→ **What you are asked to do**:
All the lines below need retyping exactly, apart from the images.

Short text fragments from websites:
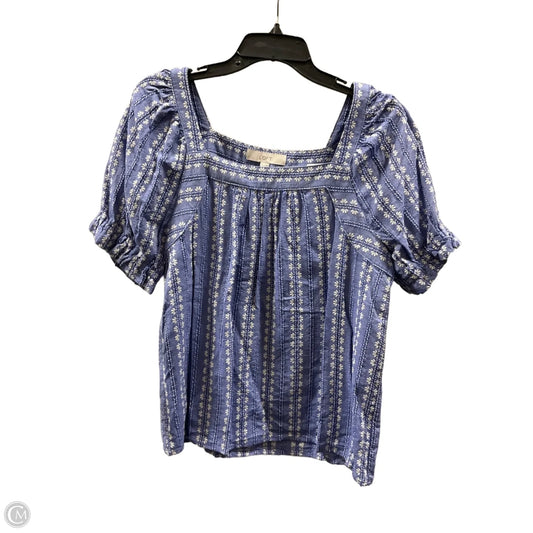 Top Short Sleeve By Loft In Blue, Size: M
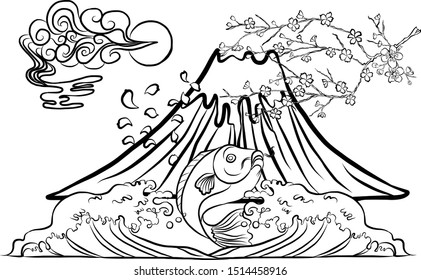 Traditional Japanese culture with Fuji mountain and koi fish,clouds,wave,Sakura vector on wallpaper background.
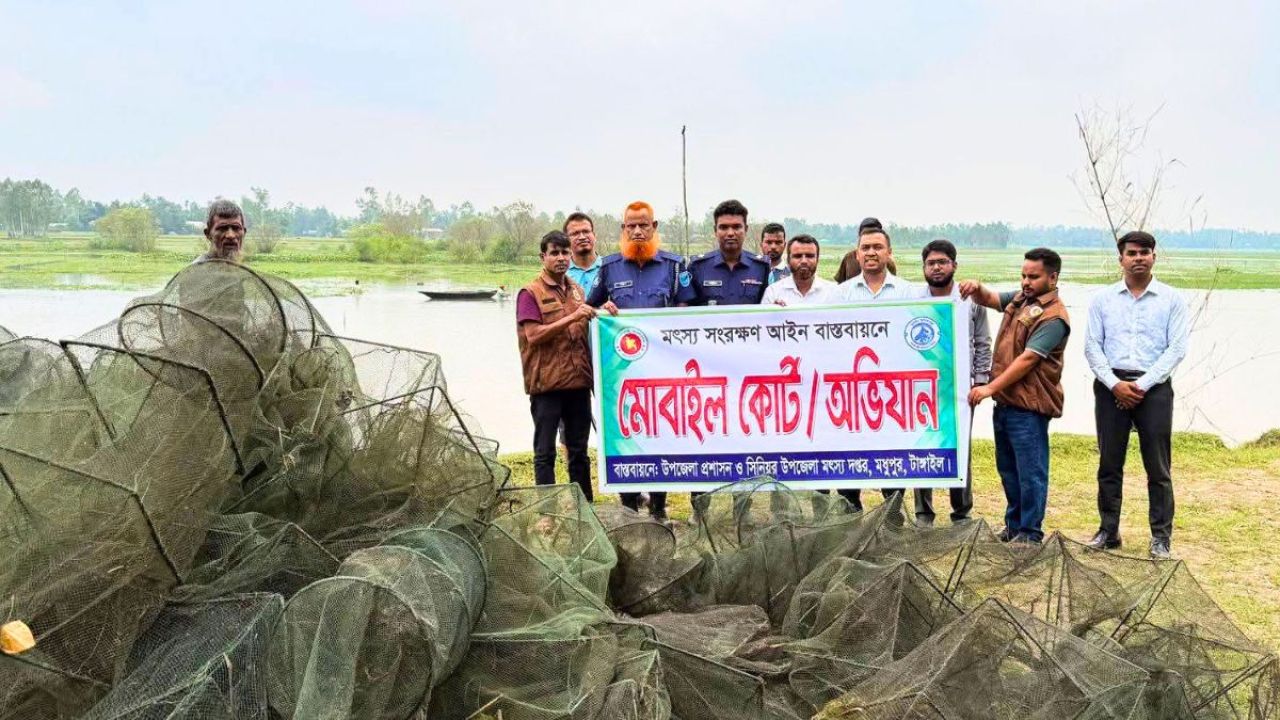 মধুপুর ও ধনবাড়ীতে নিষিদ্ধ জাল জব্দ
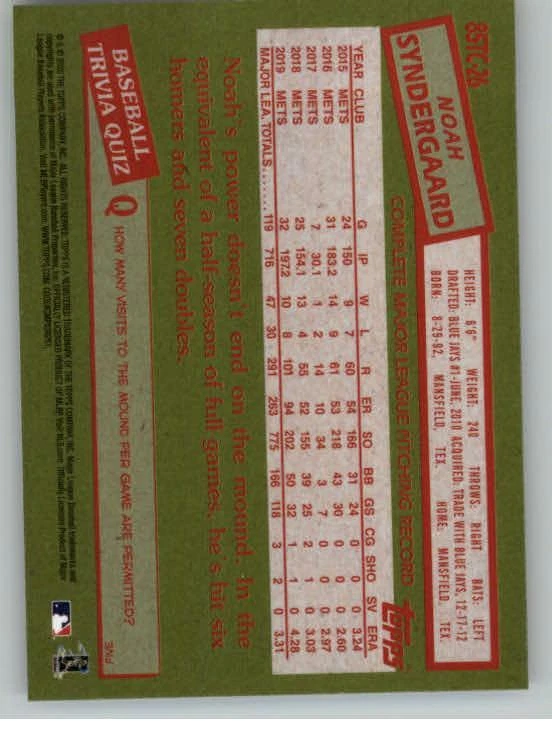 2020 Topps '85 Topps Silver  #85TC26 Noah Syndergaard (ref 129982) - Image 2 of 2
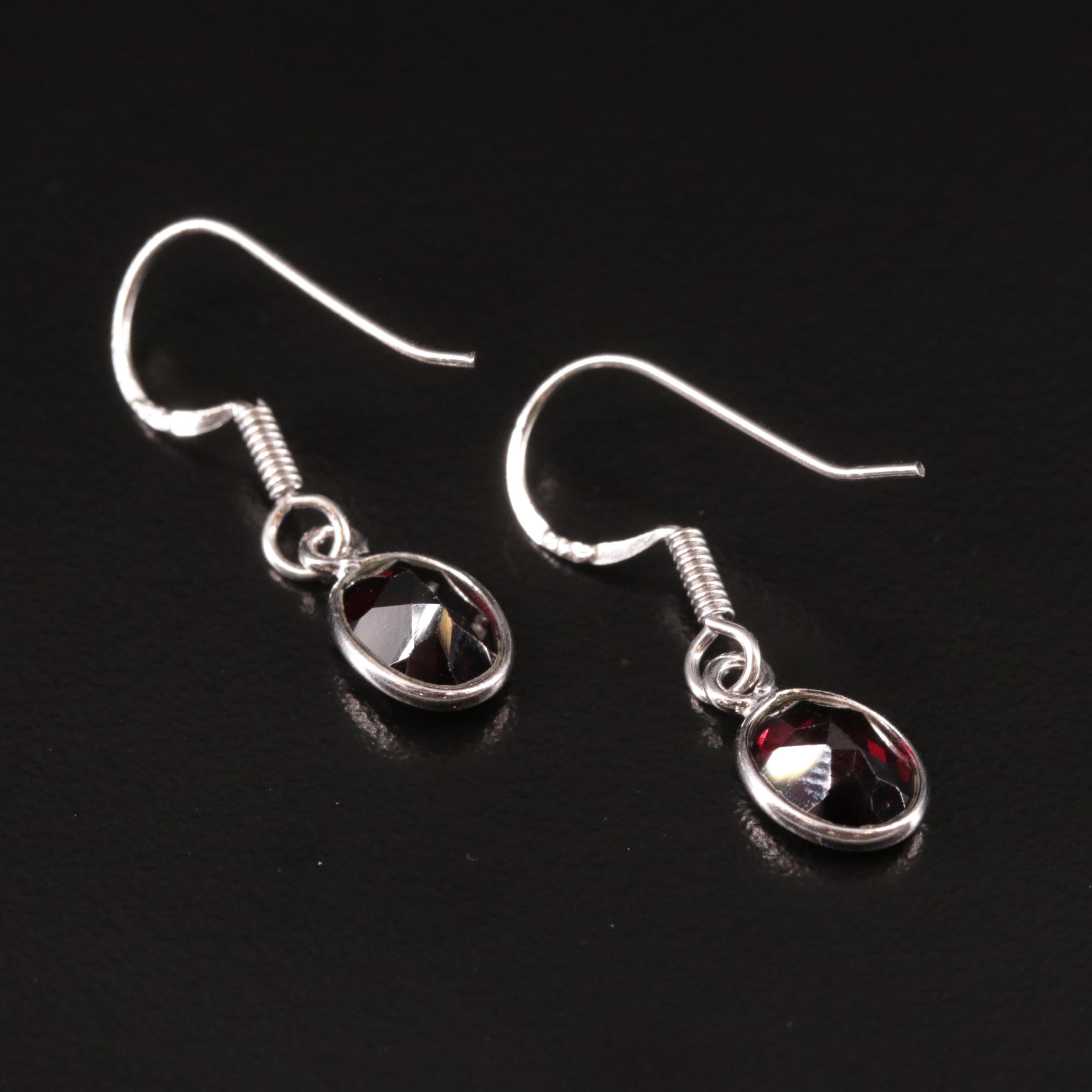 Sterling Garnet Drop Earrings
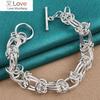 925 Sterling Silver Full Circle Ring Design Chain Bracelet For Man Women Fashion Party Wedding Engagement Jewelry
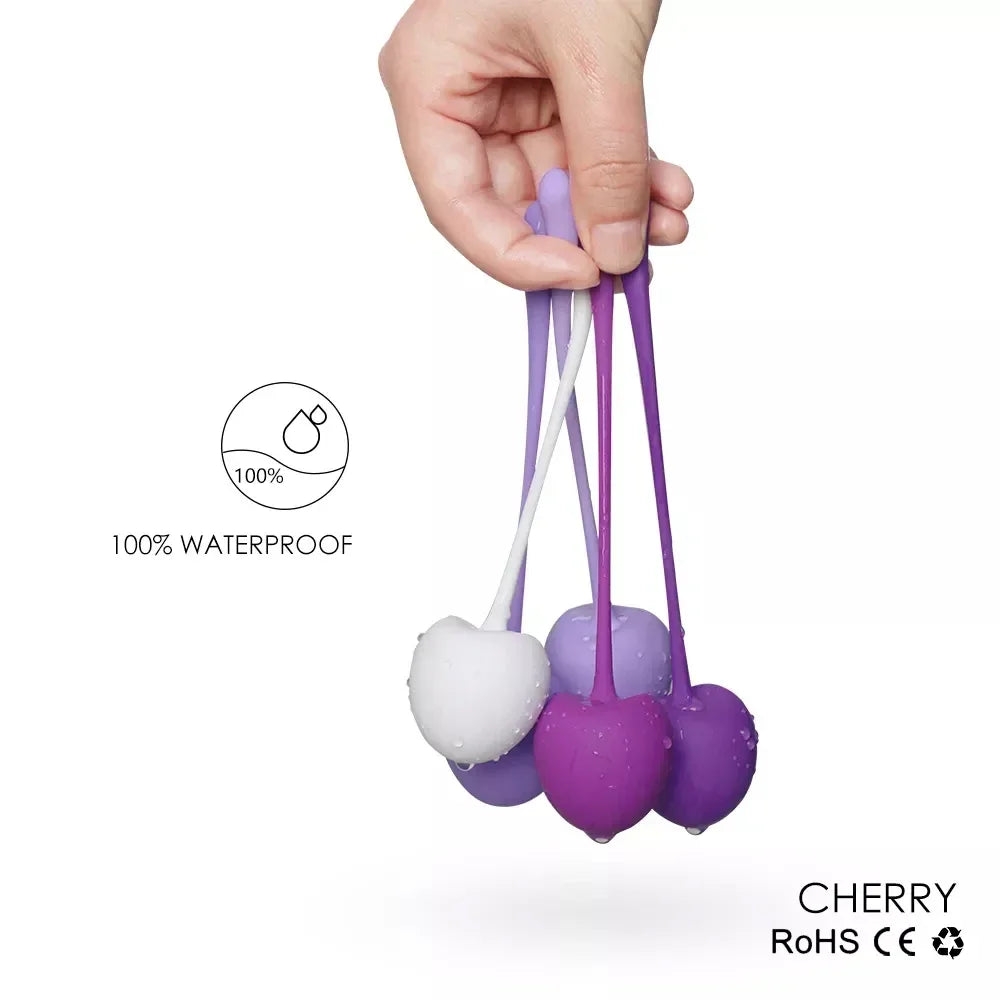 Silicone Cherry Ben Wa Weight Set of 5PCS Kegel Ball Vaginal Dumbbells Full Pussy Vagina Tighten Kegel Exercise Balls For Women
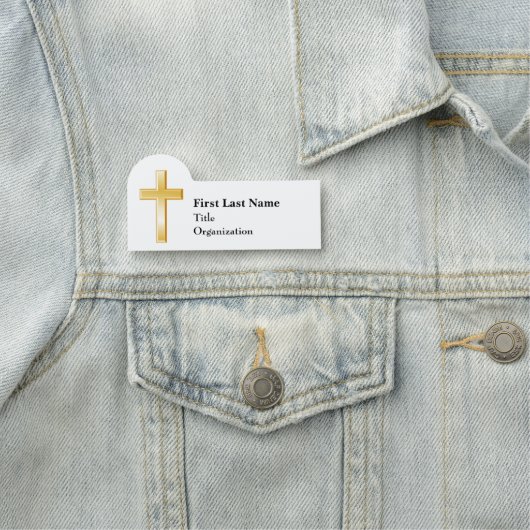 Christelijk gouden kruis, 3" x 1,5" gevormd naamplaatje (In situ)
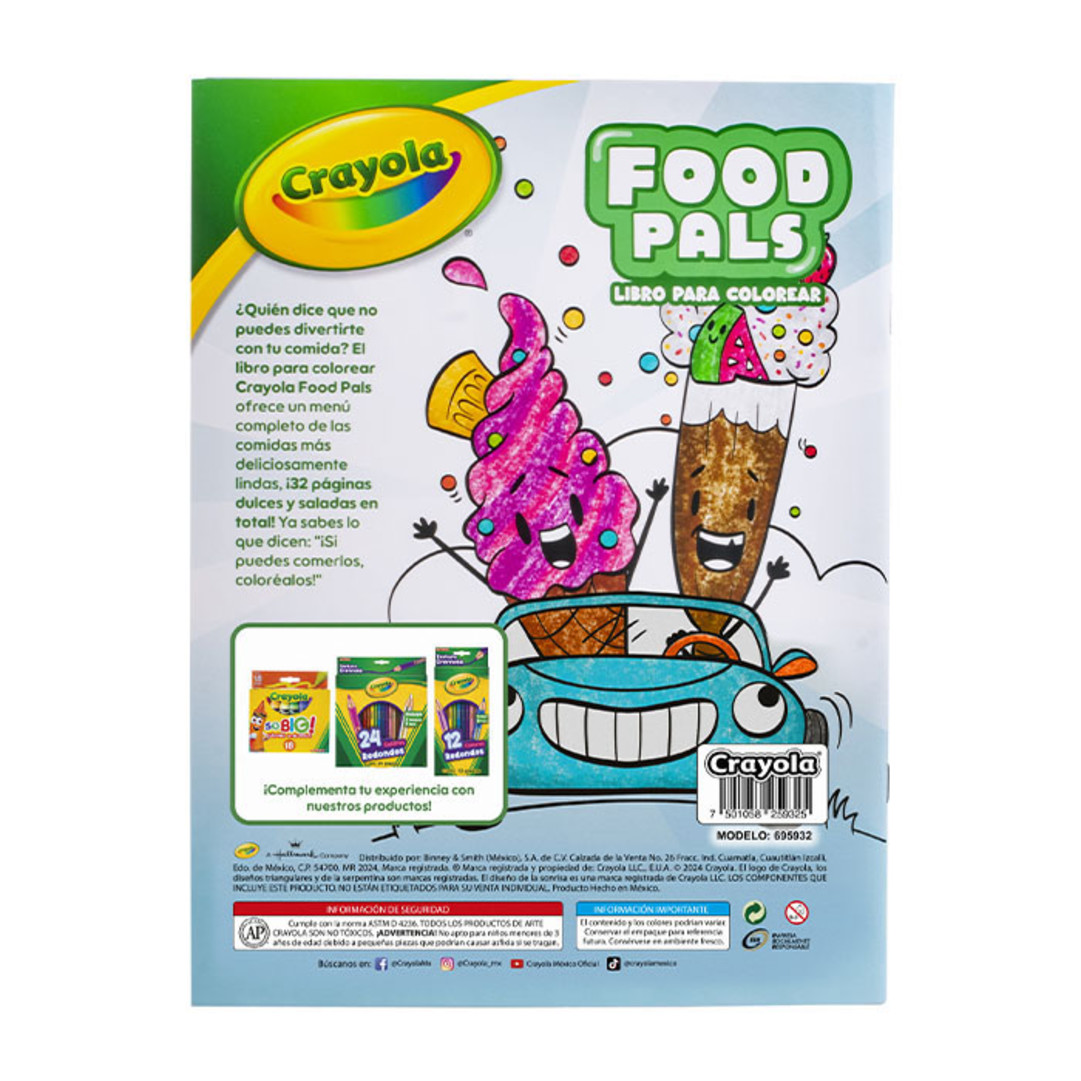 Libro para Colorear Food Pals 32 pg Back view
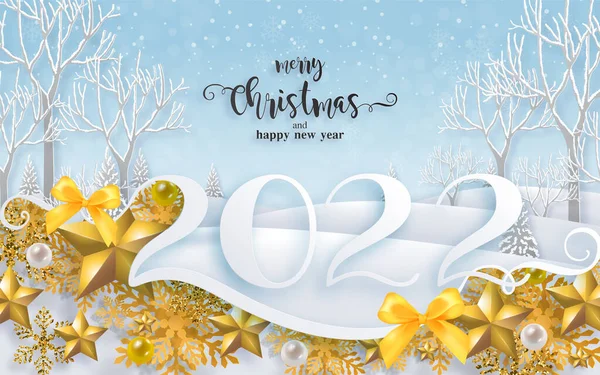 Feliz Navidad Feliz Año Nuevo 2022 Santa Claus Muñeco Nieve — Vector de stock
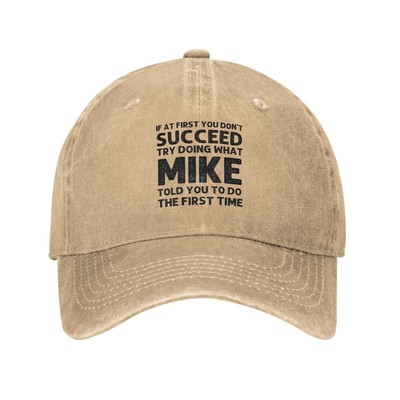SUCCEED MIKE Funny Letter Print Sun Hat Adjustable Unisex Baseball Cap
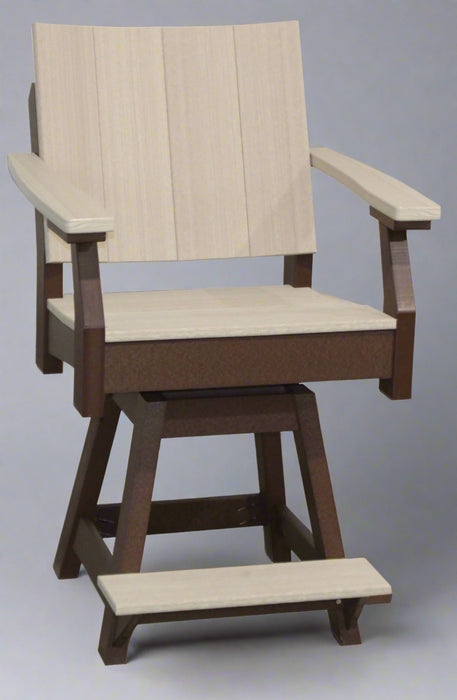 Amish Berkley Swivel Counter Dining Chair - Birchwood on Brown - Main Photo
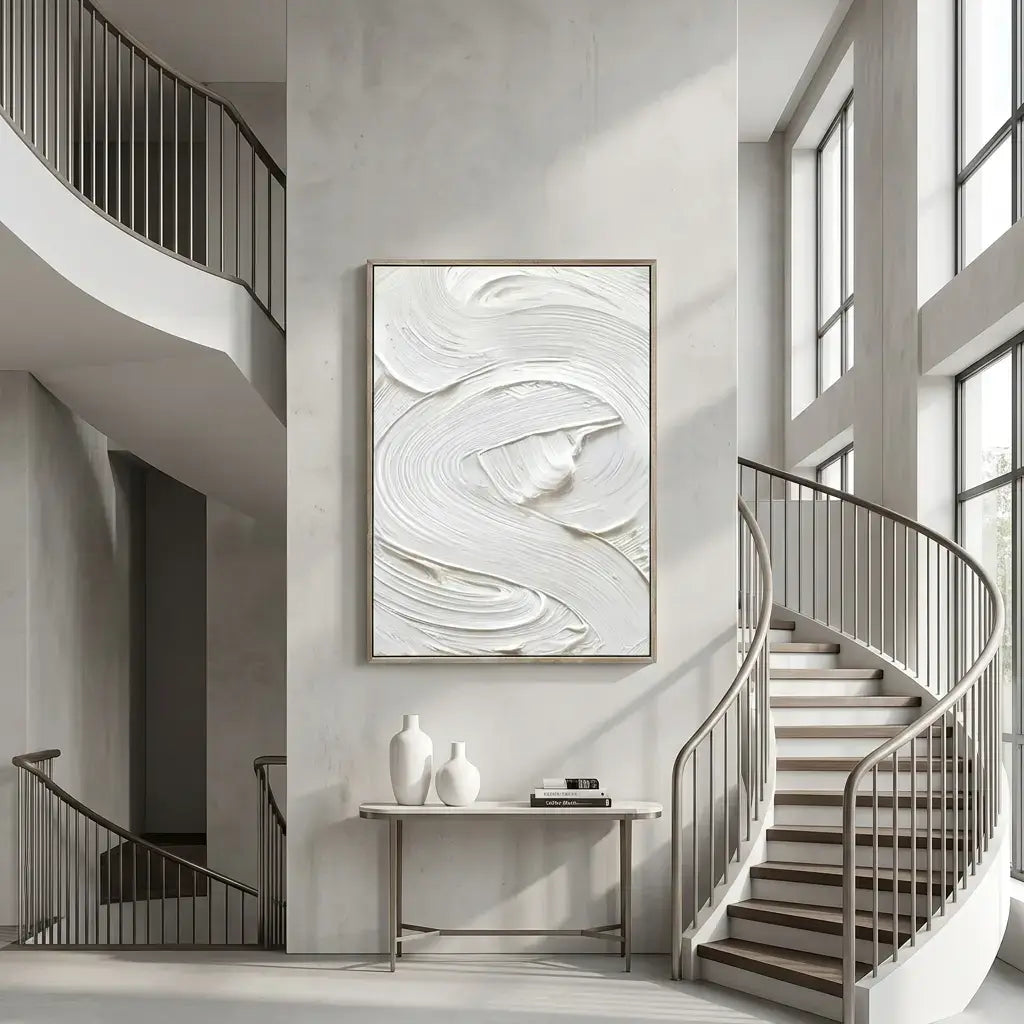Modern interior with a staircase and abstract artwork on the wall
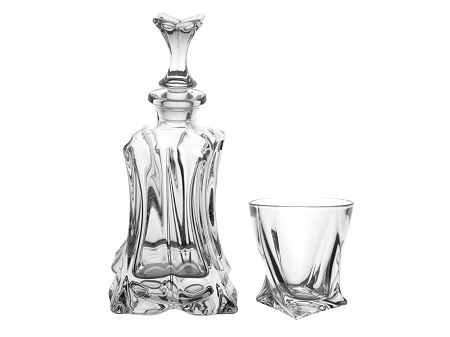 Kpl. szklanek do whisky 0,34 L (6szt) + karafka 0,7 L (1szt) Bohemia - FLORALE 4SB.FL.000424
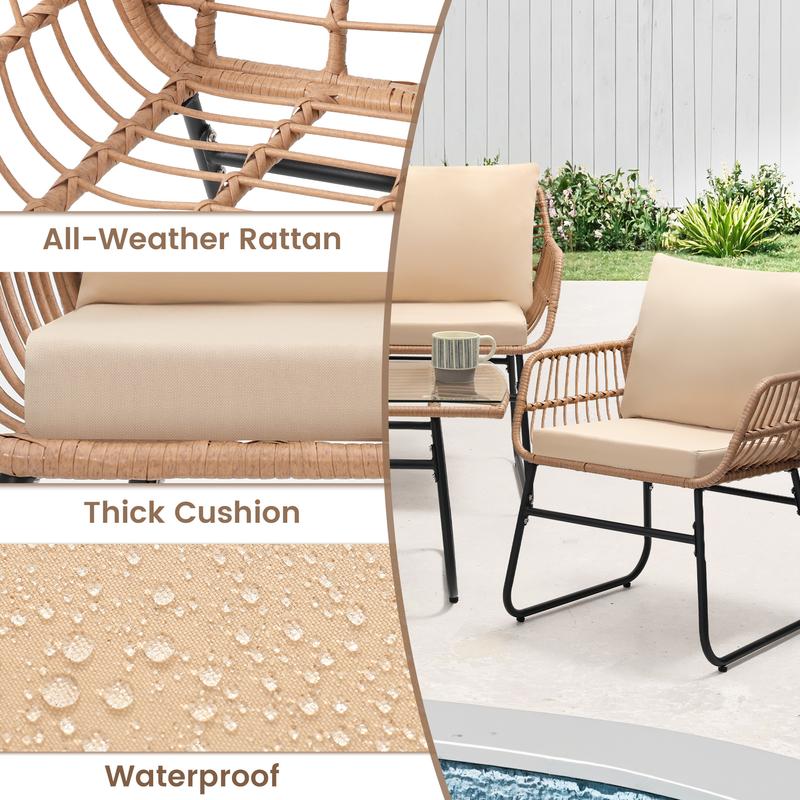 4 Piece Patio Bistro Outdoor Furniture Set, Wicker Sofa, 2 Rattan Chairs, and Table, Backyard Conversation Set, All Weather Cushions，for Garden,Poolside, Backyard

→ **Exercise result**:
 Top Short Sleeve By Loft In Blue, Size: M
 Traditional Japanese culture with Fuji mountain and koi fish,clouds,wave,Sakura vector on wallpaper background.
 মধুপুর ও ধনবাড়ীতে নিষিদ্ধ জাল জব্দ
 2020 Topps '85 Topps Silver  #85TC26 Noah Syndergaard (ref 129982) - Image 2 of 2
 Sterling Garnet Drop Earrings
 925 Sterling Silver Full Circle Ring Design Chain Bracelet For Man Women Fashion Party Wedding Engagement Jewelry
 Silicone Cherry Ben Wa Weight Set of 5PCS Kegel Ball Vaginal Dumbbells Full Pussy Vagina Tighten Kegel Exercise Balls For Women
 Christelijk gouden kruis, 3" x 1,5" gevormd naamplaatje (In situ)
 Libro para Colorear Food Pals 32 pg Back view
 Feliz Navidad Feliz Año Nuevo 2022 Santa Claus Muñeco Nieve — Vector de stock
SUCCEED MIKE Funny Letter Print Sun Hat Adjustable Unisex Baseball Cap
 Amish Berkley Swivel Counter Dining Chair - Birchwood on Brown - Main Photo
Modern interior with a staircase and abstract artwork on the wall
 Kpl. szklanek do whisky 0,34 L (6szt) + karafka 0,7 L (1szt) Bohemia - FLORALE 4SB.FL.000424
 4 Piece Patio Bistro Outdoor Furniture Set, Wicker Sofa, 2 Rattan Chairs, and Table, Backyard Conversation Set, All Weather Cushions，for Garden,Poolside, Backyard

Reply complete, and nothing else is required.